Tudo o que você vê aqui nasce de conversas informais, porém não menos profundas, entre mim, Sarah, e a Cassimila. Amigas há mais ou menos uns 20 anos e que nem mesmo a distância física, já que eu moro em Tijuana, México, e ela em São Paulo, foi capaz de murchar essa amizade.
Esperamos que siga conosco pelo tempo que estivermos aqui.
Um beijo,
Cassimila e Sarah
VACA PROFANA
Em 2019, Dandara dos Palmares foi nomeada oficialmente como Heroína da Pátria. A história dessa guerreira, que foi esposa de Zumbi dos Palmares, é cercada por mistérios e a documentação sobre ela é escassa. Até porque, o protagonismo ficou com Zumbi. Mesmo sem conhecer o seu rosto, o que se sabe sobre ela é que Dandara dominava a arte da capoeira e liderava tropas de mulheres e homens quilombolas para lutar contra a escravidão. Inclusive, sabe-se também que ela foi fundamental para o desenvolvimento de plantações quilombolas de mandioca, milho, cana e banana. Sua importância política na luta dos quilombolas e para um modo de vida harmônico entre sua comunidade é tão grande que chega a outros países. Dandara dos Palmares dá o nome a uma comunidade de residência artística, a “Dandara dos Palmares International Black Feminist Fellowship”, uma iniciativa recém criada que concede bolsa de 6 meses a artistas negras do mundo todo.
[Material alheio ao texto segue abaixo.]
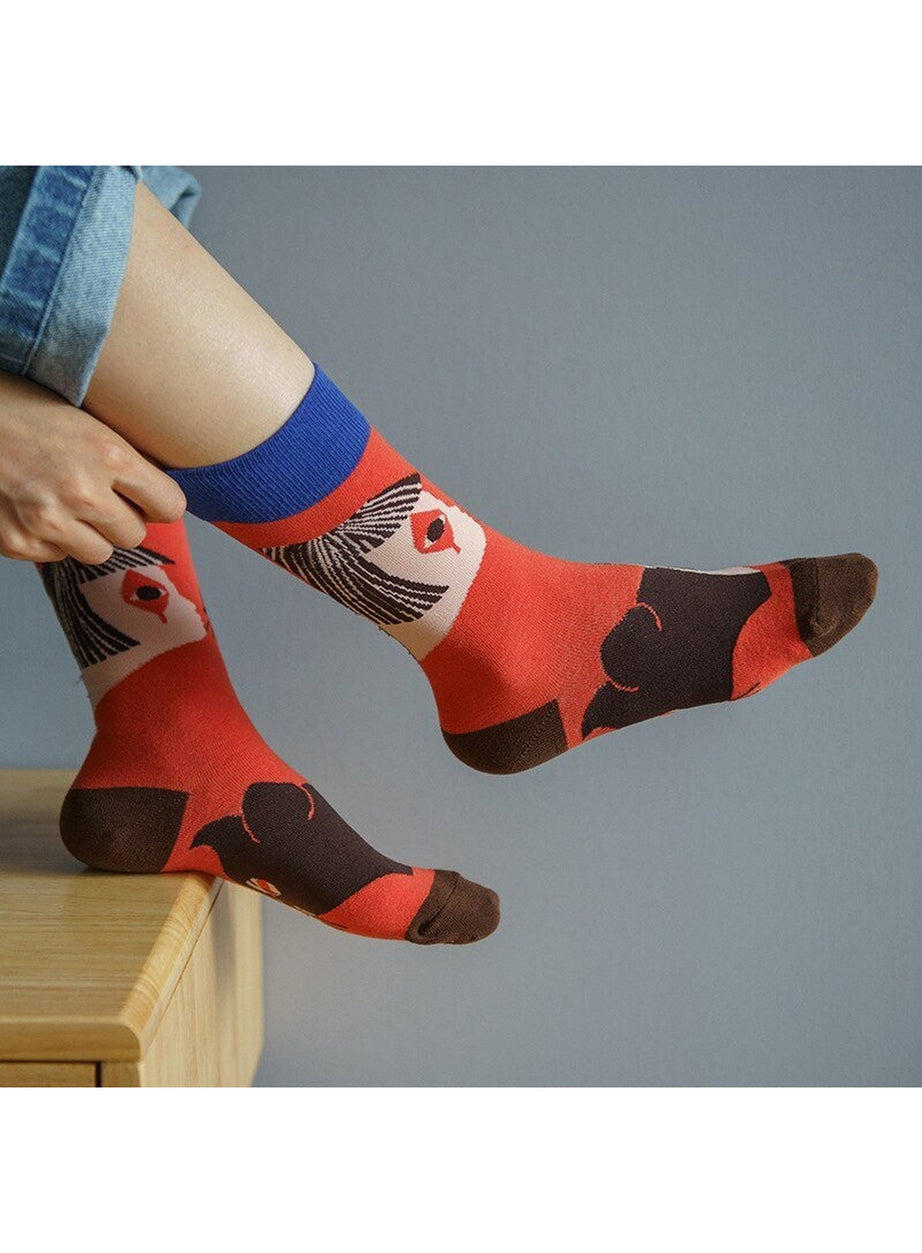 Y2k Indie Aesthetic Creative Abstract Socks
A primeira a participar é a pesquisadora de imagens baiana Anastácia Flora Oliveira. Se você se interessou pela bolsa ou se conhece alguma mulher que poderia se encaixar perfeitamente para participar, manda o link acima para ela. ;) (SM)
CONTRASTES URBANOS
Todas acompanhamos ou vivenciamos muito de perto o que aconteceu no Rio Grande do Sul em maio e, infelizmente, sabemos que os transtornos com as enchentes estão longe de ser solucionados. Do dia para noite, qualquer uma de nós podemos nos encaixar na categoria “refugiado climático”. Por mais que busquemos alternativas no cotidiano para viver melhor, temos de confrontar a realidade que muitas coisas já não podem mais ser solucionadas. E, por isso, quero apresentar a vocês duas cidades que, para mim, são extremos opostos sobre o gerenciamento do meio ambiente. (SM)
Salton Sea
Salton Sea é o maior lago da Califórnia. Fica bem pertinho de onde é realizado o Coachella e fica a umas duas horas e meia de San Diego. Portanto, é um lago gigantesco no meio do deserto. O detalhe é que Salton Sea é um lago artificial, feito no início do século passado. Explicando resumidamente e de maneira grosseira, um fulano chega ao local, se depara com terras não exploradas e tem a brilhante ideia de desviar água do Rio Colorado e criar um lago artificial para vender terrenos ao seu redor. Especulação imobiliária. E foi o que aconteceu. Com isso, levou também alguns peixes e foi-se criando um “bioma”, também artificial. Acontece que o clima do deserto, a falta de manutenção adequada e, claro, mudanças climáticas, foi deixando o lago cada vez mais seco e sem vida. Hoje, ao passear por lá, é possível ver carcaças e mais carcaças de animais mortos às margens do lago, o que faz com que o cheiro não seja agradável. Claro, é proibido nadar ou pescar e o que ficou do lago serve como abastecimento - quando tratado - para cidades maiores, como Los Angeles e San Diego. Os moradores que vivem perto de Salton Sea sofrem de doenças respiratórias. Imagina toda a poeira que os ventos do deserto levantam daquela água podre e leva por aí? E, ao redor do lago, restam uns quantos trailers de pessoas que decidem viver fora do radar do “sistema”, sem água encanada ou energia elétrica. Neste documentário você pode saber todos os detalhes sobre o que acontece nesse lugar.
Afuá
Na outra ponta dessa história encontra-se Afuá, na Ilha do Marajó, no Pará. Eu não conhecia esta cidadezinha de quase 40 mil habitantes até assistir a um episódio do programa “Avisa lá que eu vou”, com Paulo Vieira, e fiquei um tanto quanto obcecada. Em Afuá não existem carros, apenas bicicletas ou lanchas e é carinhosamente apelidada de Veneza Brasileira, já que é construída em palafitas, acima do rio. Os moradores cuidam da cidade e respeitam a regra de usar apenas bicicletas ou barcos para andar por aí. Além disso, como conta um dos moradores neste vídeo sobre o lugar, tratam de respeitar o meio ambiente e, o principal problema que a pequena cidade enfrenta, é o acúmulo de lixo em alguns lugares, mas que isso tem sido cada vez menos recorrente. É uma pena que não exista tanto conteúdo sobre Afuá como gostaria, mas, sem dúvida, já faz parte dos lugares que preciso conhecer.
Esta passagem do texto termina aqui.